Third, we learn that the Lord Jesus Christ is meant to be the example for all true Christians. What does the Scripture say? We ought to serve one another “just as the Son of Man did not come to be served, but to serve” (verse 28).

The Lord God has mercifully provided his people with everything necessary for their sanctification. He has given those who follow after holiness the clearest of teaching, the best of motives, and the most encouraging of promises. But this is not all. He has furthermore supplied them with the most perfect pattern and example, the life of his own Son. By that life he calls us to frame our own; he tells us to walk in the steps of that life (1 Peter 2:21). It is the model to which we must strive to mold our tempers, our words and our works in this evil world. “Would my Master have spoken in this manner? Would my Master have behaved in this way?” These are the questions against which we should test ourselves each day.

How humbling this truth is! What searchings of heart it ought to raise within us! What a loud call it is to “throw off everything that hinders and the sin that so easily entangles” (Hebrews 12:1). What kind of people should they be who claim to copy Christ! What poor unprofitable religion is that which makes people content with talk and empty claims, while their life is unholy and unclean! Alas, those who know nothing of Christ as an example will find at last that he knows nothing of them as his saved people. “Whoever claims to live in him must walk as Jesus did” (1 John 2:6).

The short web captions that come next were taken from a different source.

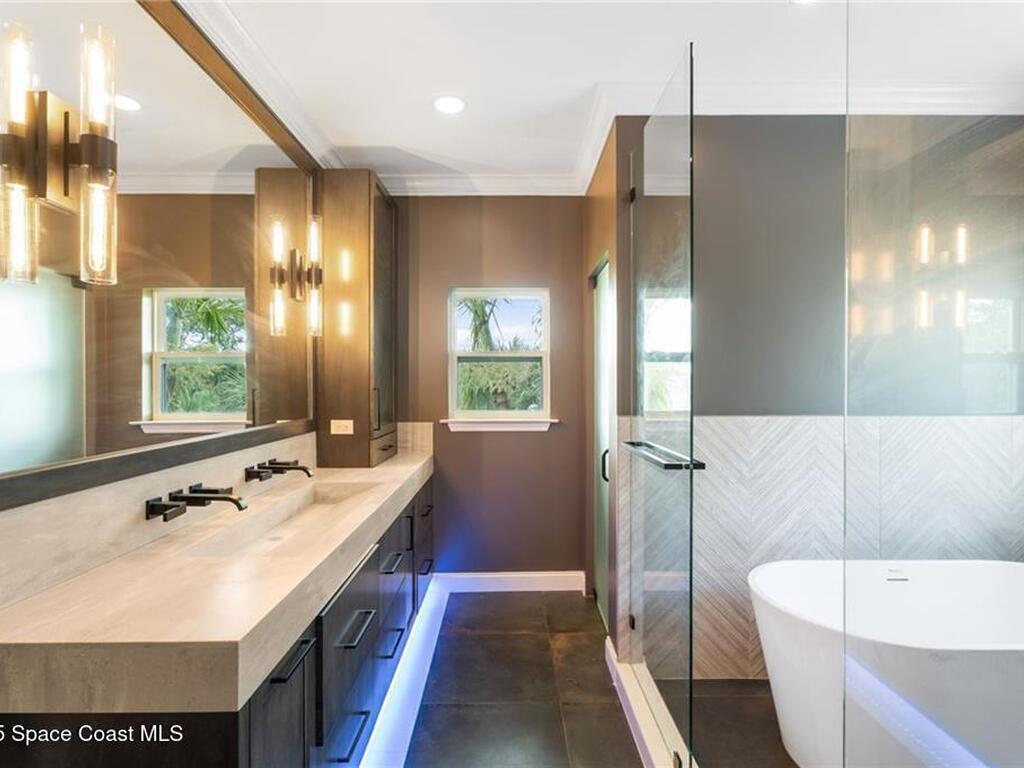 395 Live Oak Drive, Vero Beach, FL 32963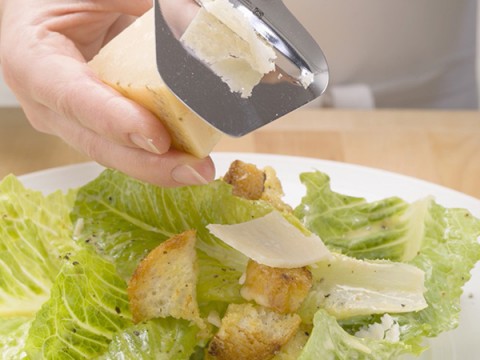 La ricetta velocissima della Caesar Salad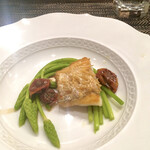 ジュンジーノ - 甘鯛の鱗焼き 野生のアスパラガス ドライトマト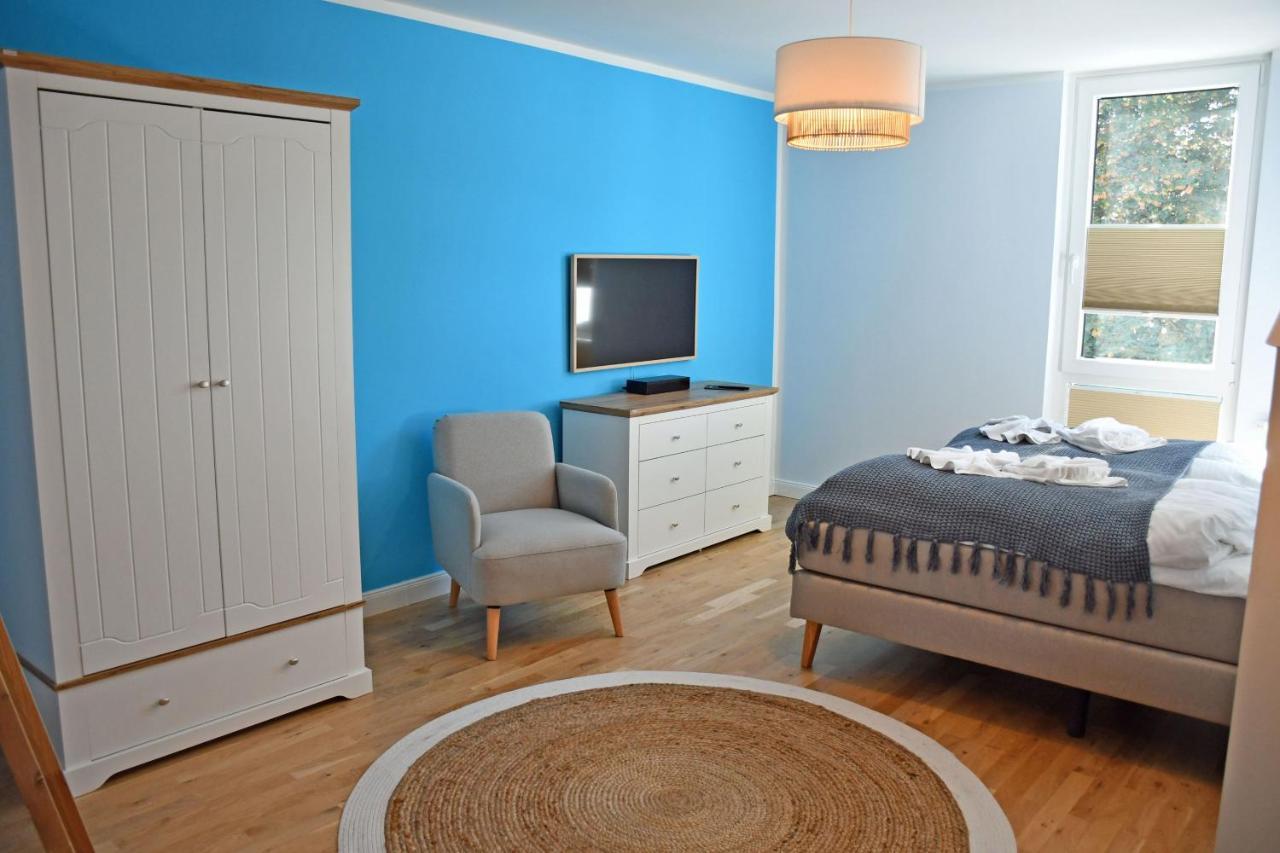 Schoene Ferienwohnungen Mit Kamin Im Ostseebad Sellin Dış mekan fotoğraf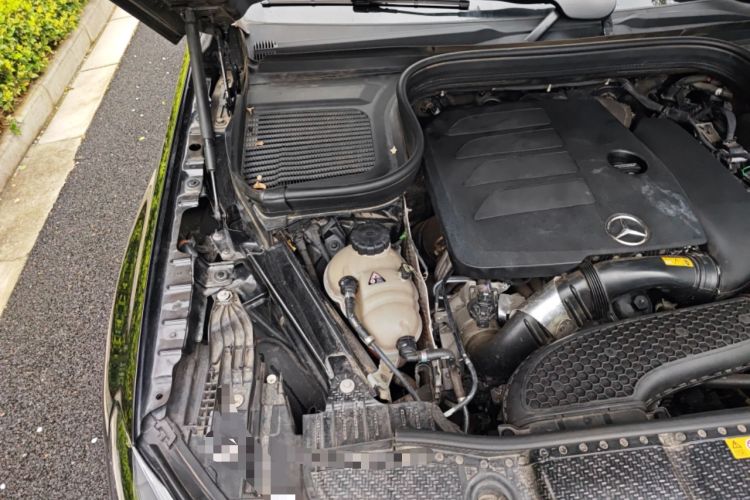 Used Mercedes-Benz GLE 2022 GLE 350 4MATIC Coupe SUV Luxury Model Engine Bay Right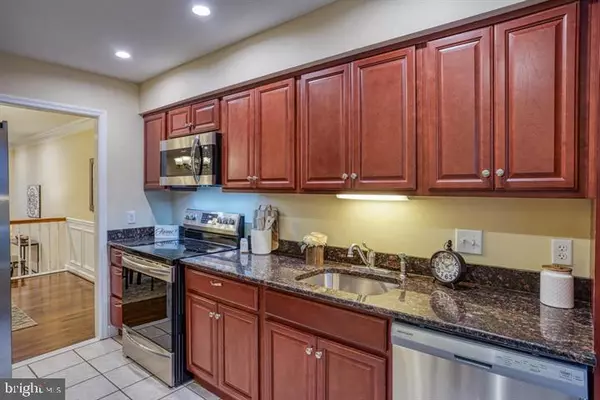 Hockessin, DE 19707,807 STOCKBRIDGE DR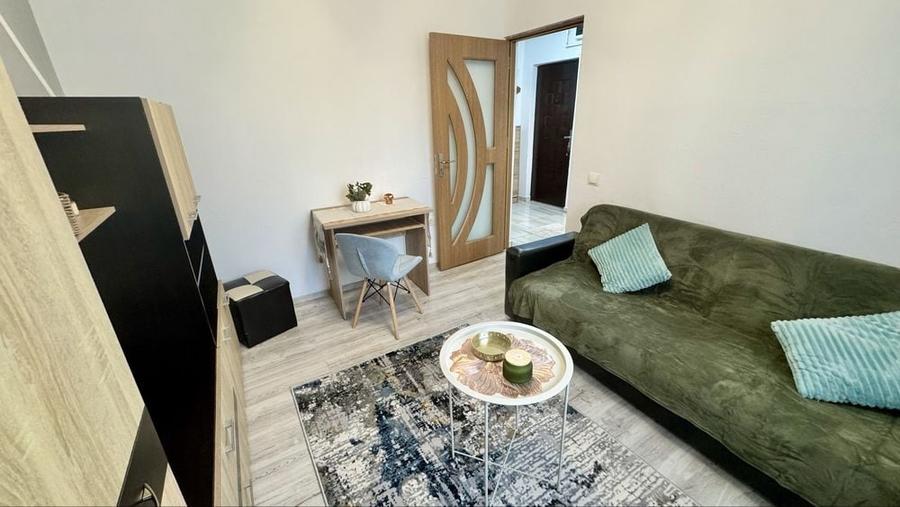 Apartament cu 2 camere decomandat în Exterior Vest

4. Christ’s Death an Atonement for Sin

Fourth, let us learn from these verses that Christ’s death was an atonement for sin. What does the Scripture say? “The Son of Man” came “to give his life as a ransom for many” (verse 28).
This is the mightiest truth in the Bible. Let us take care that we grasp it firmly, and never let it go. Our Lord Jesus Christ did not die merely as a martyr, or as a splendid example of self-sacrifice and self-denial. Those who can see no more than that in his death fall infinitely short of the truth; they lose sight of the very foundation-stone of Christianity, and miss the whole comfort of the Gospel. Christ died as a sacrifice for human sin; he died to make reconciliation for human iniquity; he died to redeem us from the curse which we all deserved, and to satisfy the justice of God, which would have otherwise condemned us. Never let us forget this!

We are all by nature debtors. We owe to our holy Maker ten thousand talents, and are not able to pay. We cannot atone for our own transgressions, for we are weak and frail, and only adding to our debts every day. But, blessed be God, what we could not do, Christ came into the world to do for us; what we could not pay, he undertook to pay for us. To pay it, he died for us upon the cross. He “offered himself unblemished to God” (Hebrews 9:14). He “died for sins once for all, the righteous for the unrighteous, to bring you to God” (1 Peter 3:18). Once more, never let us forget this!

Let us not leave these verses without asking ourselves, where is our humility? What is our idea of true greatness? What is our example? What is our hope? Life, eternal life, depends on the answer we give to these questions. Happy is the person who is truly humble, strives to do good, walks in the steps of Jesus, and sets all his hopes on the ransom paid for him by Christ’s blood. Such a person is a true Christian!